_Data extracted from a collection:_
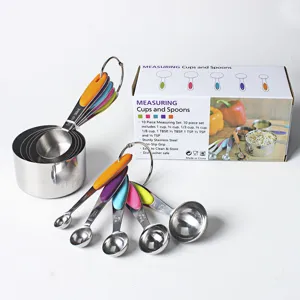 Set 10 Pezzi Misurini e Cucchiai di Misura in Acciaio Inox Utensile Cucina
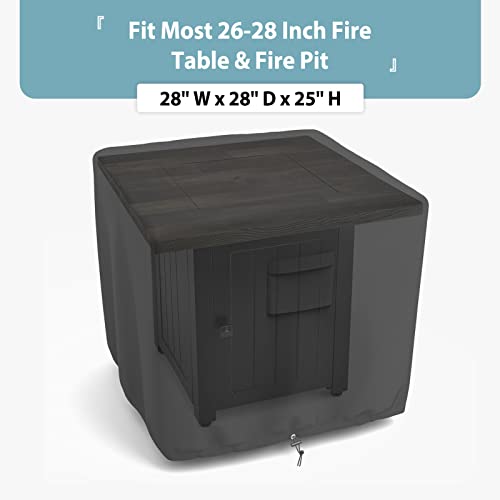 Shinestar Durable Square Fire Pit Cover, Fits For 26-28 Inch Gas Fire Table, Waterproof And Windproof, 28 X 28 X 25 Inches, Black #TOP1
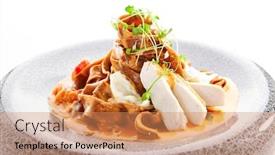  Presentation with italy food - Slide set with spaghetti-with-baked-tomato background and a coral colored foreground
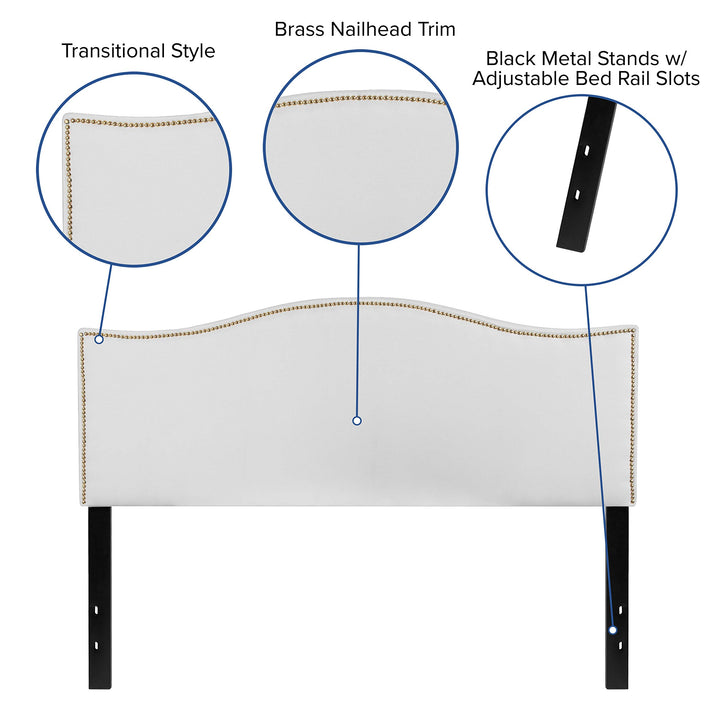 Lot # 1559 Flash Furniture Lexington Upholstered Queen Size Headboard with Accent Nail Trim in White Fabric
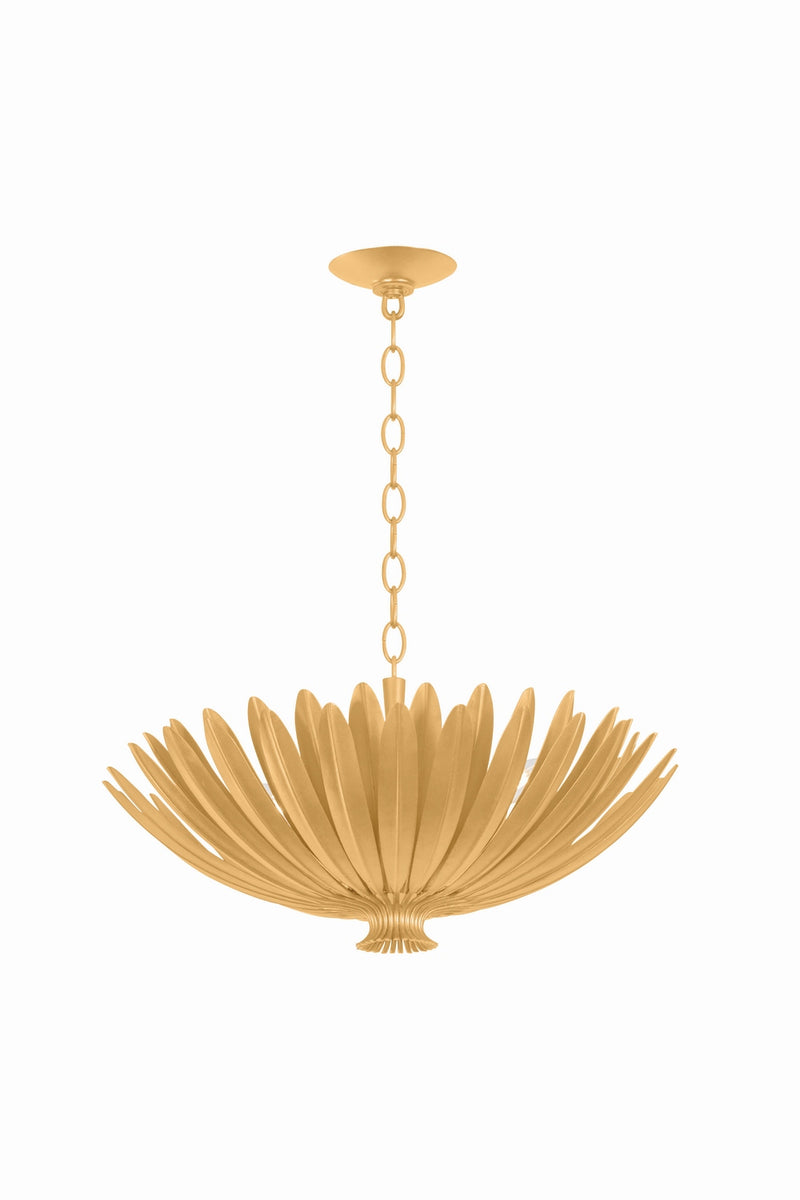 Hudson Valley 1823-VGL Four Light Chandelier, Vintage Gold Leaf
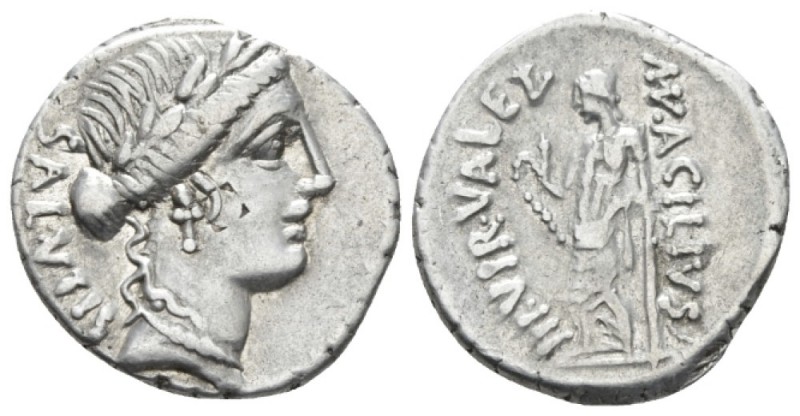 Mn. Acilius. Denarius circa 49, AR 19mm., 3.84g. SALVTIS Laureate head of Salus ...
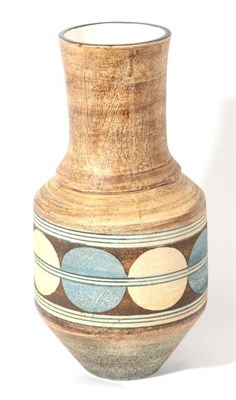 Lot 514 - A Mid 1970's Troika Urn, decorated by Sue Lowe, with painted marks to base, 26cm high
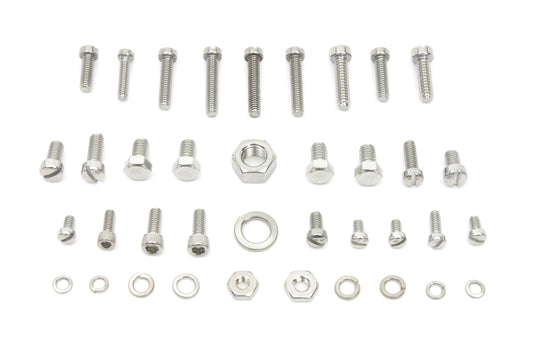 HARLEY Linkert Vergaser Schrauben-Kit Zicad beschichtet Passt 1936-1965 FL, 1936-1952 W, 1936-1957 G,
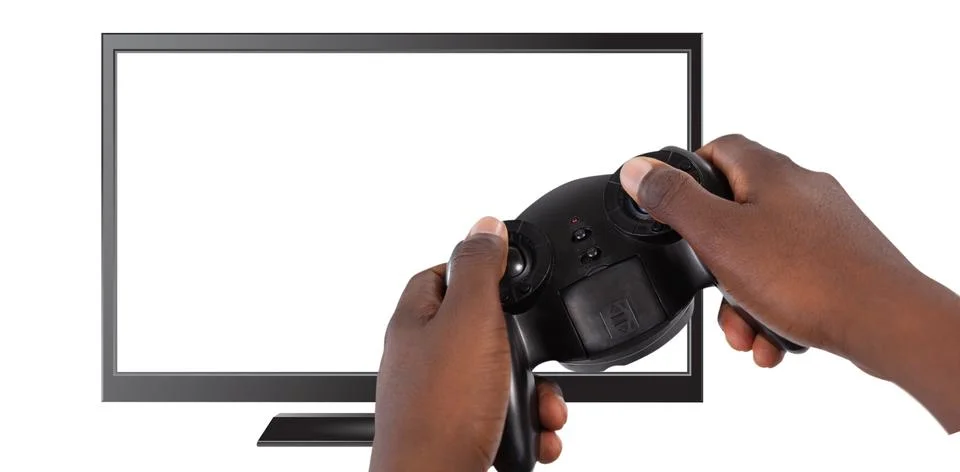 Composite image of hand of man playing video game against white background Stock Photos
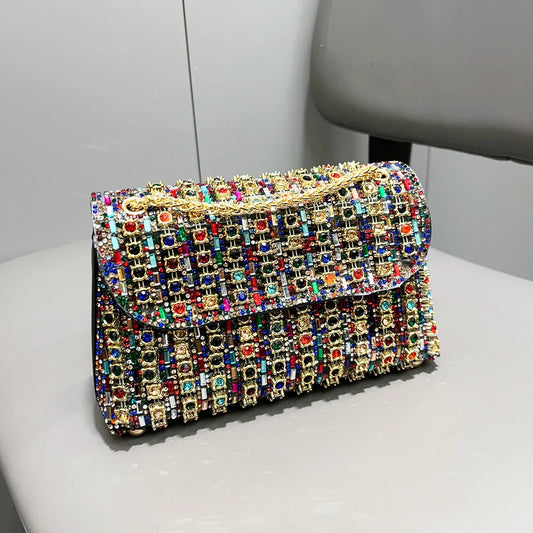 Rhinestones Evening clutch Bag Purses and handbag luxury Designer shoulder bag Shiny Crystal Clutch purse Woman's bag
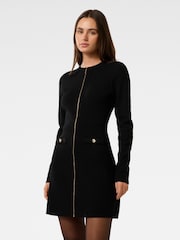 Forever New Black Dani Long Sleeves Zip Detail Mini Dress - Image 4 of 5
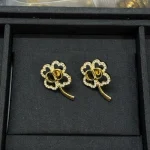 New Full Pave Diamond Four-Leaf Clover CD Studs-box - Image 5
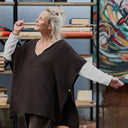 Poncho Erel — maille douce choco - Quintessence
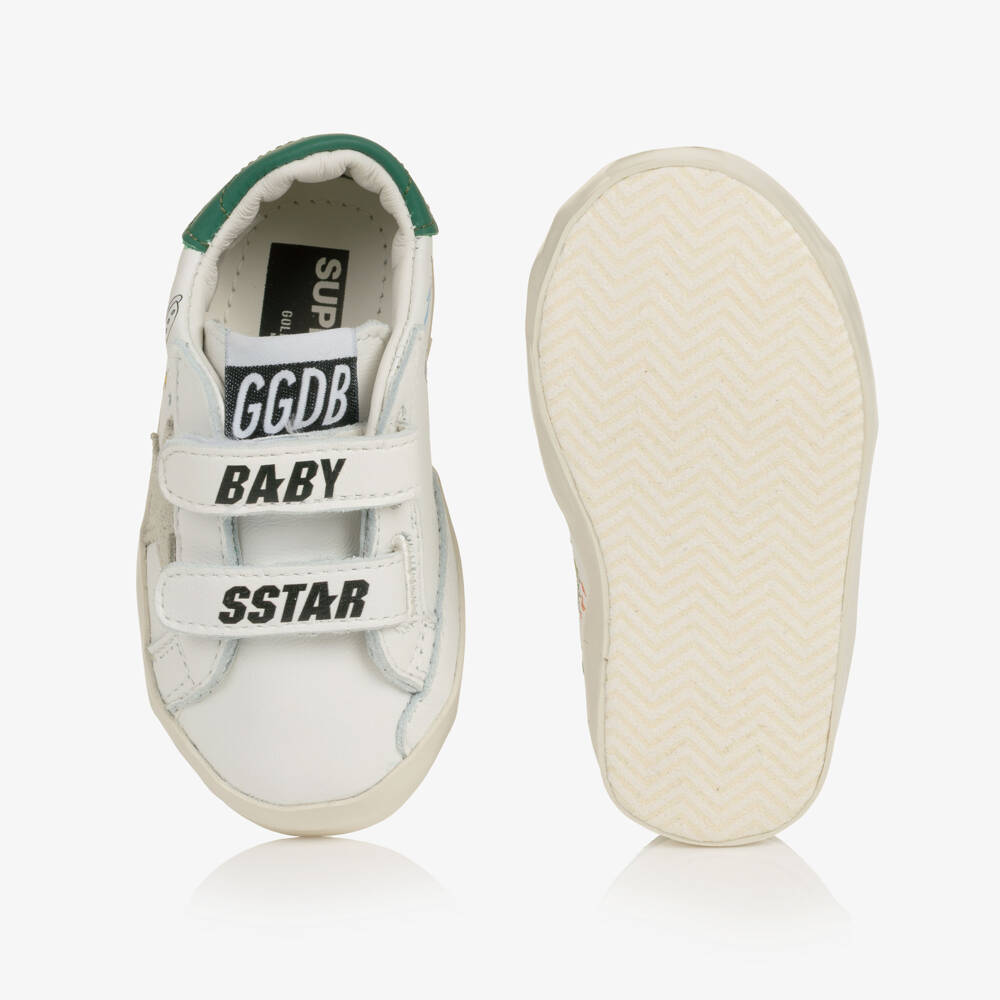 Golden Goose-Baby Old School Trainers in White Leather | Childrensalon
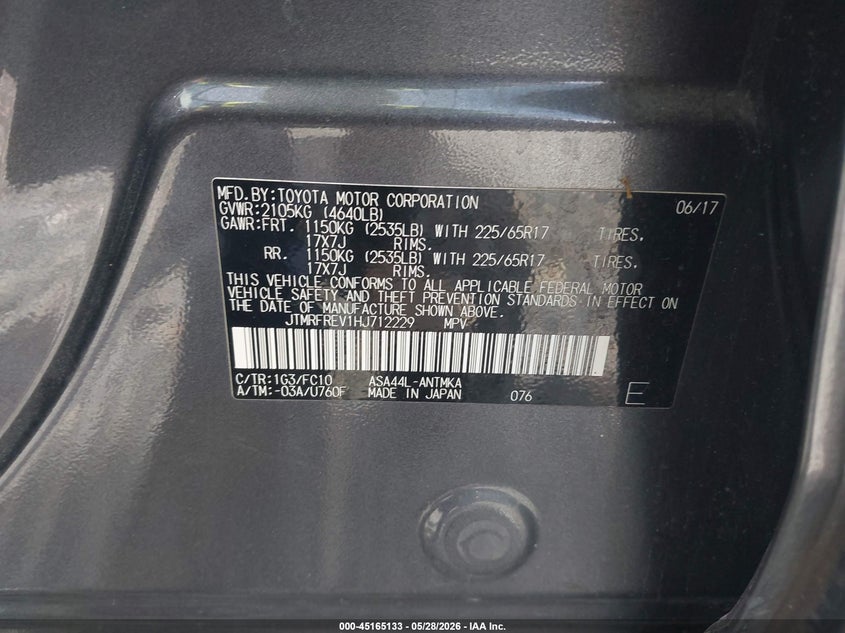 2017 Toyota Rav 4 VIN JTMRFREV1HJ712229 IAAI salvage auction — NORMAL WEAR, Clear (Georgia), sold $5,600 on 2026-07-13 (photo 9)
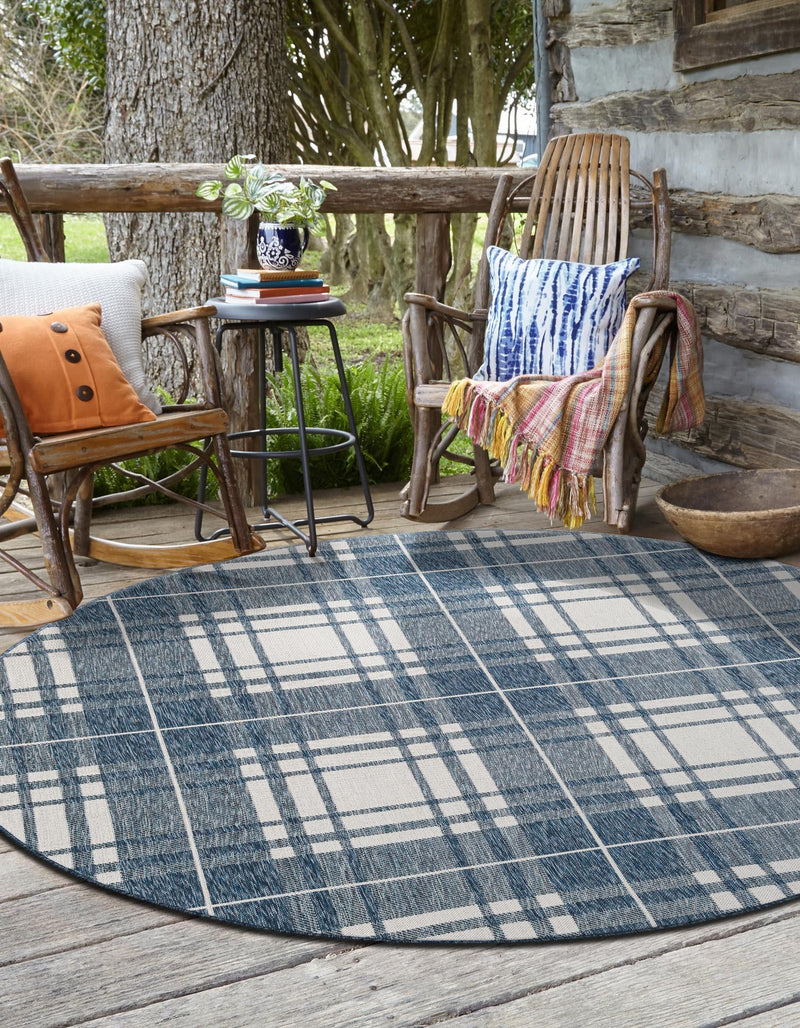 Patio Plaid Collection Area Rug - Terrace Round Blue lifestyle 0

_TRY IT:_
Starting at the line above with "Presentation with italy", output every line exactly up to and including the line with "Lot 514 - A", but none of the pictures.

_ANSWER TO THE EXERCISE:_
  Presentation with italy food - Slide set with spaghetti-with-baked-tomato background and a coral colored foreground
 Lot # 1559 Flash Furniture Lexington Upholstered Queen Size Headboard with Accent Nail Trim in White Fabric
 Hudson Valley 1823-VGL Four Light Chandelier, Vintage Gold Leaf
 Mn. Acilius. Denarius circa 49, AR 19mm., 3.84g. SALVTIS Laureate head of Salus ...
 Lot 514 - A Mid 1970's Troika Urn, decorated by Sue Lowe, with painted marks to base, 26cm high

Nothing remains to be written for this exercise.